Pour illustrer son propos, Nicolas Dufourcq a évoqué des situations concrètes observées sur le terrain. « Quand on visite les usines automobiles de Stellantis à Sochaux, on compte 57 nationalités. Quand je rentre chez moi en Bretagne et que je regarde dans les champs, qui ramasse les cocos de Paimpol ? Ce sont des Sénégalais », a-t-il souligné, avant de conclure : « Il ne faut pas se cacher derrière son petit doigt. L’immigration de travail est inévitable. »
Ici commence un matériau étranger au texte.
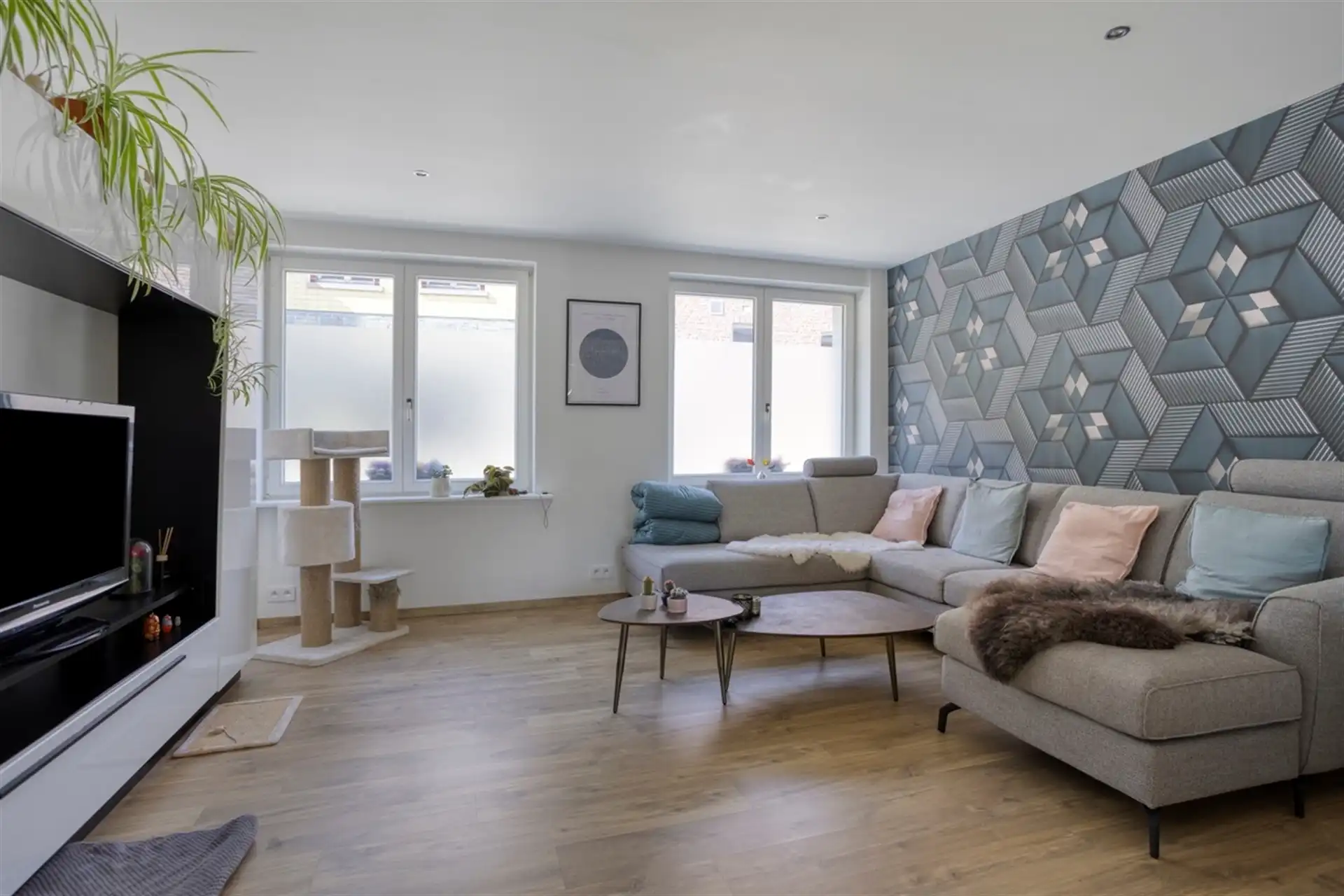 Ruime, volledig gerenoveerde woning in hartje centrum foto 5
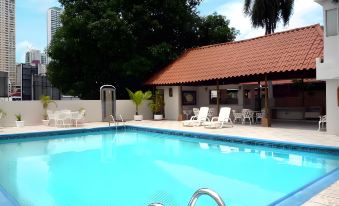 Hotel Tower House Suites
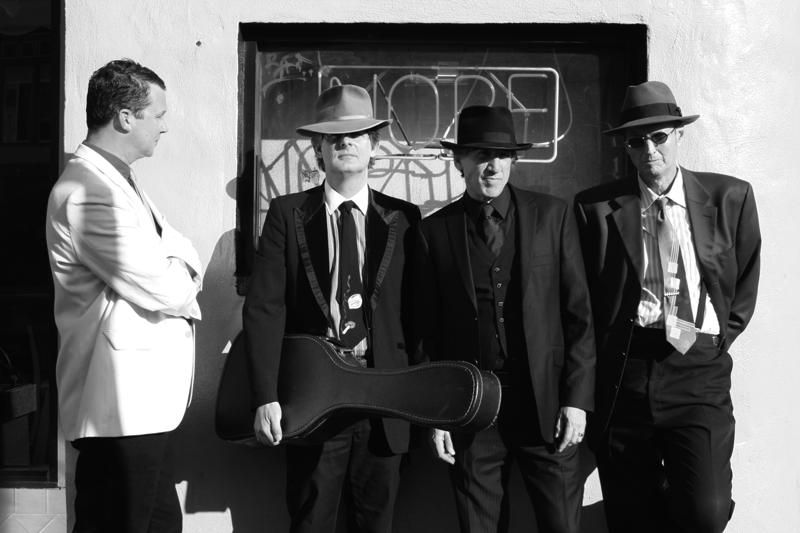 File:CRIME band, outside.jpg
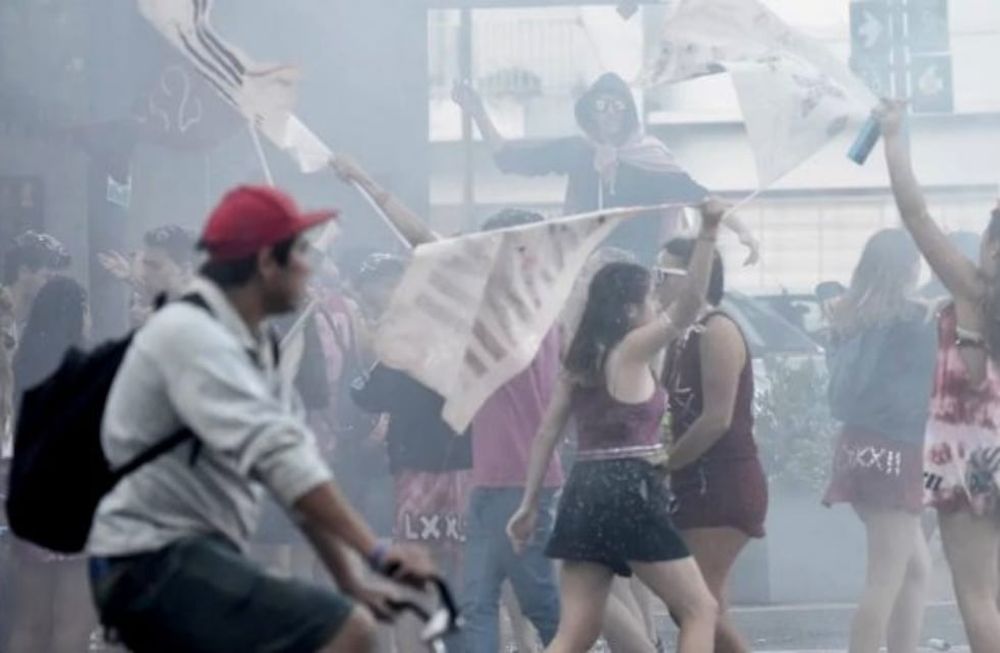 Ya es un festejo tradicional: los adolescentes que comienzan el quinto año se juntan a celebrar las vísperas del inicio de clases y, por lo general, llegan sin haber dormido y ebrios al primer día de cursado. Habrá operativos para prevenir excesos, y piden control de padres.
« Un tiers disent avoir besoin de l’immigration de travail »
Du côté des entreprises, le constat apparaît toutefois plus nuancé. Selon le patron de la banque publique d’investissement, les enquêtes menées auprès de plusieurs milliers d’entrepreneurs montrent un paysage contrasté : « Un tiers disent avoir besoin de l’immigration de travail, et un tiers disent avoir été déçus, notamment par la qualité, et ne souhaitent pas y recourir à nouveau. C’est donc très partagé. »
Ces déclarations font écho à des travaux académiques récents. Présenté mardi 27 janvier, un ouvrage du Centre d’études prospectives et d’informations internationales (Cepii) dresse une synthèse de cinquante années de recherches consacrées aux effets de l’immigration sur le marché du travail. Les auteurs y concluent que si l’immigration entraîne une hausse de la population active, elle n’a pas d’effet significatif sur la rémunération des travailleurs nationaux. Cette absence d’impact s’expliquerait par les spécificités du marché du travail français, où les mécanismes classiques de l’offre et de la demande fonctionnent de manière imparfaite.